[quote=livinincali]
Thirdly why aren’t there consumer protection laws that apply to medical services. If you go to the mechanic they have to give you a written estimate of the price. They can’t just demand that you pay them $2,000 to get your car back. Why aren’t medical providers held to this same regard when it comes to routine services. I understand emergency situations are somewhat different.[/quote]
I feel your pain, I really do. One of my kids had to have a surgical procedure a few years ago and we had a plan with a $10,000 deductible (this was before the ACA and I was consulting so had no employer-sponsored insurance). Since the surgeon had admitting privileges at two hospitals, I thought I’d call around to find out rates from each one. Ha! That never happened. Both hospitals said there was no possible way to give me even a ballpark idea of how much we’d pay for the surgery and associated costs like anesthesia. I asked if they could treat us as a cash patient since our 10k deductible basically made us uninsured for this procedure and even though they were willing to do that, the billing office told me they had no idea if the negotiated rate our carrier (BCBS) had for the surgery would be cheaper than the hospital’s cash rate. Part of the reason was that it was proprietary info (treating their negotiated rates like a closely guarded secret) but mostly they said their systems were not set up to estimate costs before a procedure. They said we needed to specify up front if we wanted to be treated as a cash patient or wanted them to submit to BCBS, where the charges would be adjudicated according to the BCBS negotiated fee structure, and then we’d pay our 10k share according to this fee schedule. There was no way to find out which was a better deal for us as consumers. We could only wait and see after the surgery the charges that were spit out of their system.
Crazy that the consumer just has to blindly go in to have surgery without any idea of the charges.

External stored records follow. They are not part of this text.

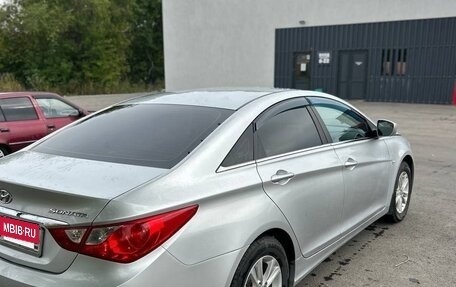 Hyundai Sonata VI, 2011 год, 1 000 000 рублей, 6 фотография
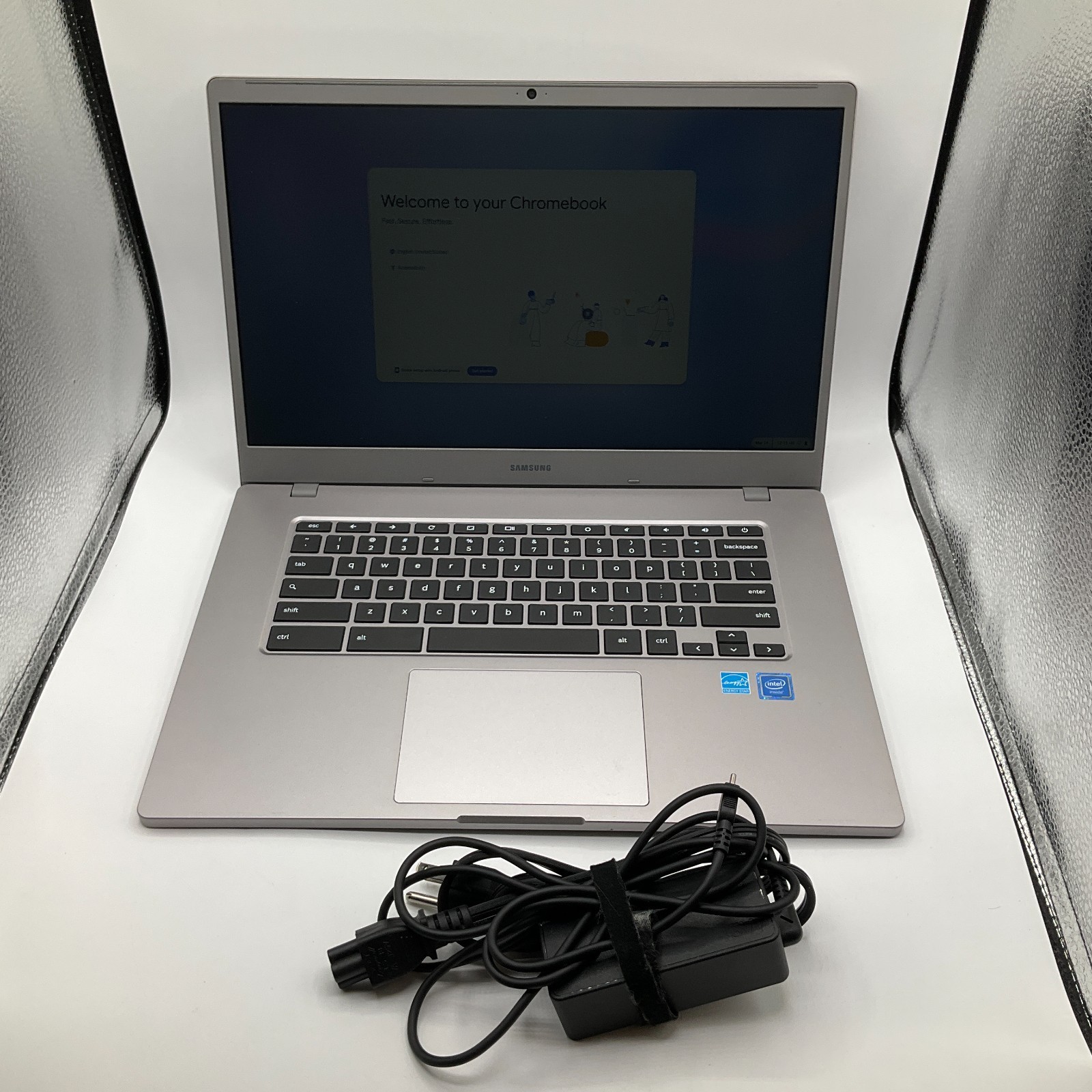 Samsung Chromebook XE350XBA 15.6″ Celeron N4000 4GB 32GB With Charger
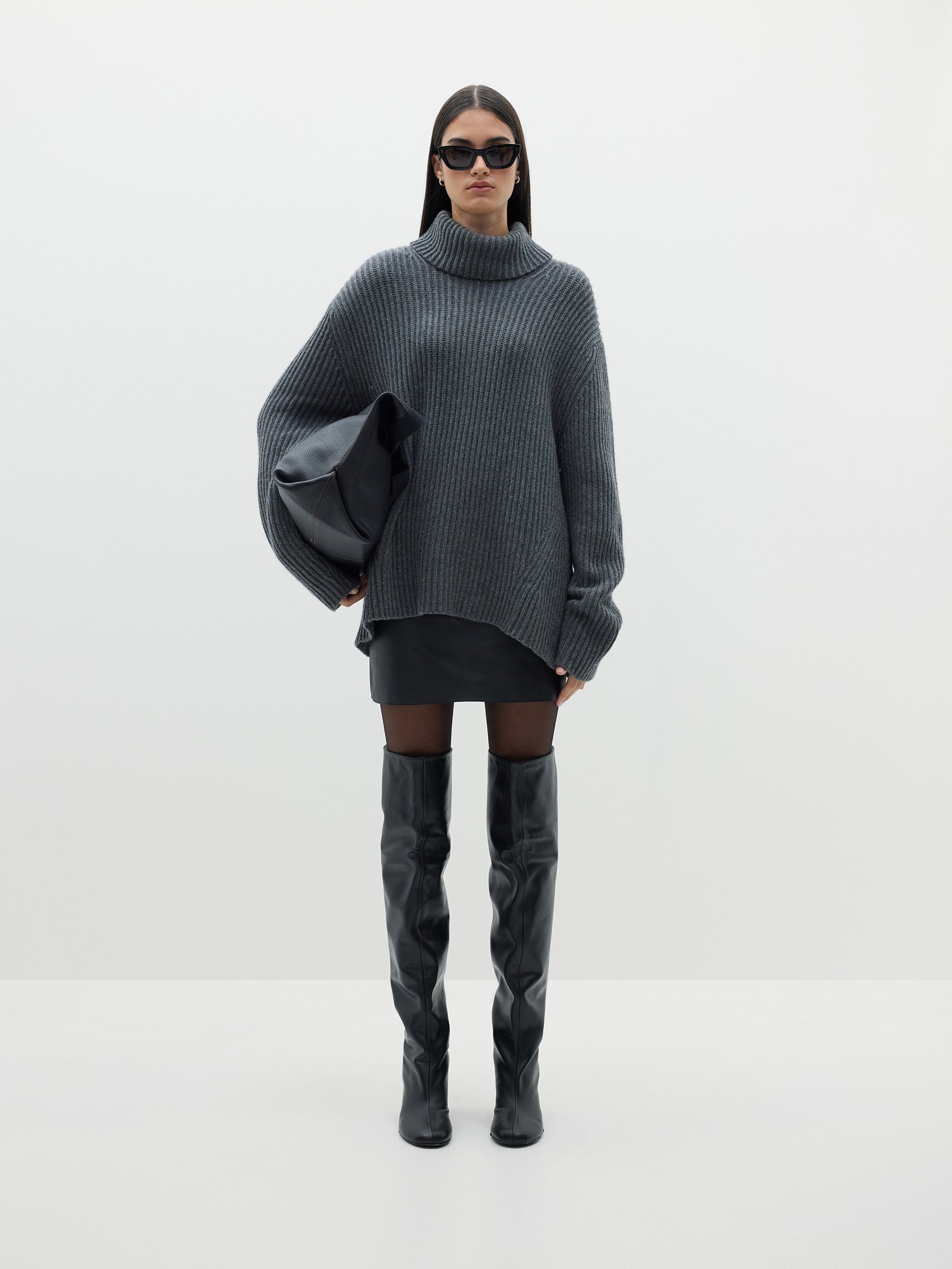 Chunky hot sale black turtleneck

We’re lucky that we’re in a position to cover any costs and had obviously enrolled in the high deductible health plan with eyes wide open to our risk, but for many, that kind of plan was all they could afford at the time (pre-ACA). Even now, many people face the same issue. For those people, trying to do the right thing by being insured, it’s a huge blow to be handed a bill for thousands of dollars with no ability to predict or budget beforehand. Many surgeries, although medically necessary, are technically elective so someone in a different financial position than ours may have opted to put it off until they could budget for it or had a different insurance plan. But again, no one would have been able to give them the tools to arrive at an estimate.
I’ve been in the health insurance/managed care industry a long time, and for many years the industry buzz has been all about empowering consumers to make better/wiser/more efficient health care decisions, yet the health delivery system does not have the tools or more accurately, is not willing to use the tools on behalf of the consumer, to get us all the way there. This is something that the ACA will help do but getting there will be a long time coming, in tiny baby steps.